Explanation of terminal objects using limits I understand terminal objects, but I falter when trying to achieve them using the approach of diagrams, the category of constant diagrams $\mathcal{C}^{\mathcal{J}}$ and limits.
I have the empty category 0, now I have a diagram $D: \mathcal{J} \to \mathcal{C}$. However this diagrams image should be empty, because there are no objects or morphisms to map. At this point, I'm confused, because I can't get to the universal property $\forall c \in \mathcal{C}. \exists! f: c \to T$ anymore, because I'm missing T. (EDIT: I get that this is how it is supposed to be)
But continuing with the category of constant diagrams, even if I have a constant diagram mapping everything to one object / morphism, there is nothing to map, so the functors image is still empty. So now I'm missing both $T$, and any kind of $c$.
EDIT: It seems to me, have I chosen 1, instead of 0, I would have come up with that is considered the definition of the terminal category. What am I missing?
 A: Careful: a limit of a diagram $D : \mathcal{J} \to \mathcal{C}$ is not necessarily an object in the image of $D$, it's simply an object of $\mathcal{C}$ (equipped with additional data).
Let's look carefully at the definition of a limit of $D : \mathcal{J} \to \mathcal{C}$.
First, it is a cone over $D$, meaning that it consists of:


*

*An object $T$ of $\mathcal{C}$;

*For each object $j$ of $\mathcal{J}$, a morphism $\mu_j : T \to D(j)$ in $\mathcal{C}$;


such that for each $\alpha : j \to j'$ in $\mathcal{J}$, we have $D(\alpha) \circ \mu_j = \mu_{j'}$.
When $\mathcal{J} = \mathbf{0}$, there are no objects $j$, and so there are no morphisms $\mu_j$, and so a cone is just an object of $\mathcal{C}$. Furthermore, there are no morphisms $\alpha : j \to j'$, and so the condition $D(\alpha) \circ \mu_j = \mu_{j'}$ for all $\alpha : j \to j'$ is satisfied vacuously.
What makes a cone $(T, \mu_j : T \to D(j))$ a limiting cone is: for all other cones $(C, \kappa_j : C \to D(j))$, there is a unique morphism $u : C \to T$ such that $\mu_j \circ u = \kappa_j$ for all $j$.
As we have seen, when $\mathcal{J} = \mathbf{0}$, a cone is just an object $C$, and the condition $\mu_j \circ u = \kappa_j$ holds vacuously.

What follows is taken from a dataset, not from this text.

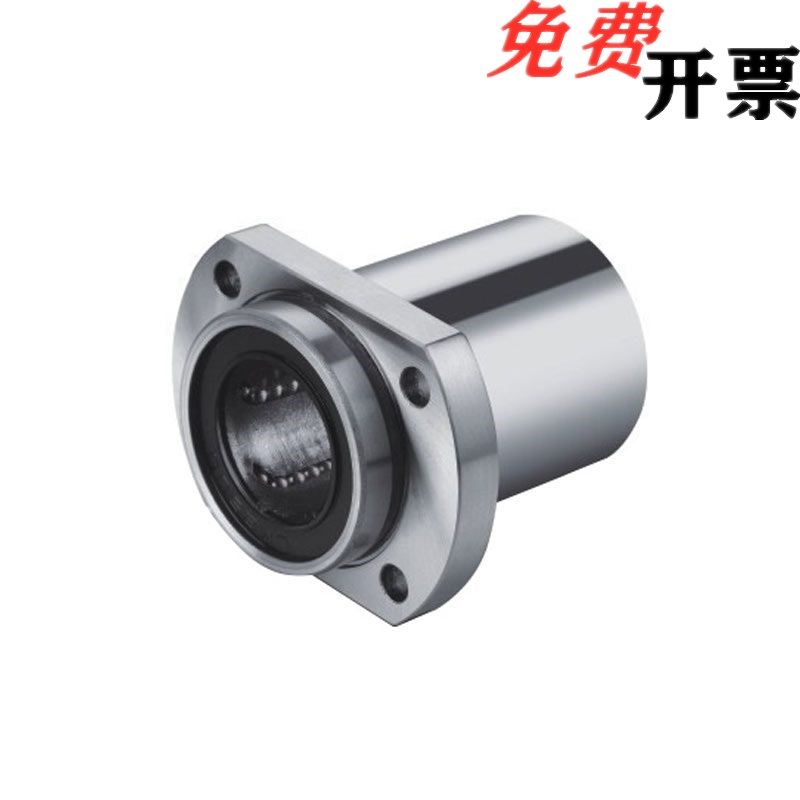 Upper Lung specifications Embedded linear bearings KDMH-6 8 10 12 12 16 16 20 25 30 40 40 50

So the condition that $T$ be a limit for the empty diagram says precisely that, for all other objects $C$, there is a unique morphism $u : C \to T$.
...oh wait, that's exactly the definition of what it is for $T$ to be a terminal object!
A: A diagram $D$ from the empty category to $C$ consists of no arrows and no objects. For each object $c$ in $C$ there is precisely one cone from
$c$ to $D$. It has no arrows. Each arrow $c\to c'$ in $C$ is a map
between these empty cones. So limit of $D$ is the $c$ corresponding to
a terminal object in this category of cones, that is a terminal object in $C$.
A: Consider the empty diagram $D$.  Since $C$ (the codomain category of the diagram) has finite limits, this includes limits of empty diagrams.  This means, by definition, that there exists an object $c \in \text{Ob}(C)$ such that for all morphisms from another object $x$ to the diagram $D$ (there are none, so it's a vacuous argument), there exists a unique morphism $u : x \to c$ such that the drawn triangles commute (but there are none), which is to say equivalently that there just exists a unique morphism $u: x \to c$.  This can be said for all objects $x \in \text{Ob}(C)$ because each vacuously has an empty collection of morphisms from $x$ to the diagram $D$ (the image of $D$ in $C$ when drawn on paper).  But that is precisely the definition of terminal object.
Therefore a terminal object is a limit of the empty diagram.  Further, if $C$ has all finite limits, then $C$ must contain a terminal object (among other things such as pullbacks, etc).